MINIO_PASS="minioadmin"
MINIO_BUCKET="veridash"
You can access an admin interface at localhost:9001 with the credentials minioadmin minioadmin. Use this to periodically delete files from the veridash bucket if you need to reclaim disk space.
Concider the the file backend/.env.template in comparison to backend/.env.
This is a dotenv file,
that stores key-value pairs that will be added to the process environment.
Add any missing information. If you've followed the instructions to run services in docker containers, you'll be missing the following:
TEMP_STORAGE_DIR="/tmp/veridash"
OPENAI_ORG=""
OPENAI_PROJECT=""
OPENAI_API_KEY=""
The OpenAI credentials are not a requirement, but is needed to provide translations for video transcripts, and other GPT-based modules.
TEMP_STORAGE_DIR might need a different value if on Windows, and there might be some bugs pertaining to how file paths are made that can cause errors if running the program there. Fixes should be simple enough.
Note that the reccomended value /tmp is stored in memory (RAM) on most Linux systems. Consider changing the path if you experience problems related to low RAM availiability. MacOS users should not experience this issue.
You will need the Poetry package manager for Python. If you don't have it installed, follow this guide.
Navigate to the backend/ directory.

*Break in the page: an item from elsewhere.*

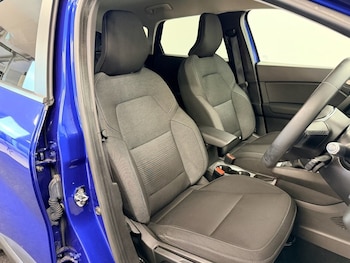 Used Renault Captur 2020 for sale - 76698685: Photo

Executing poetry install should create a virtual environment and add all dependencies.
Adding additional dependencies in the future can be done with the poetry add [package-name] command.
With all dependencies installed, in the backend/ directory, run poetry shell to activate the virtual environment.
Then run uvicorn veridash_backend.webserver.app:app --reload to start the application.
This will automatically reload when the source files change.
With all dependencies installed, in the backend/ directory, run poetry shell to activate the virtual environment.
Then run celery -A veridash_backend.worker.app worker to start the backend worker processes.
This won't automatically reload when the source files change.
Remember to stop the process with ^C (Ctrl+C), and rerun the command if you change the backend task code.
Transcription task might take a while the first time as the Whisper model will have to be downloaded. This happens automatically.
Navigate to the frontend/ directory. Executing pnpm install should grab all required dependencies.
If you want to add an additional dependency in the future: pnpm add [package-name].
In the frontend directory: pnpm run dev.
This starts a development server, that will automatically reload the page on file changes.
The page should be accessible on localhost:3000
Note that initial connection to the backend websocket can be shaky with the development server, I recommend manually reloading the page on first visit.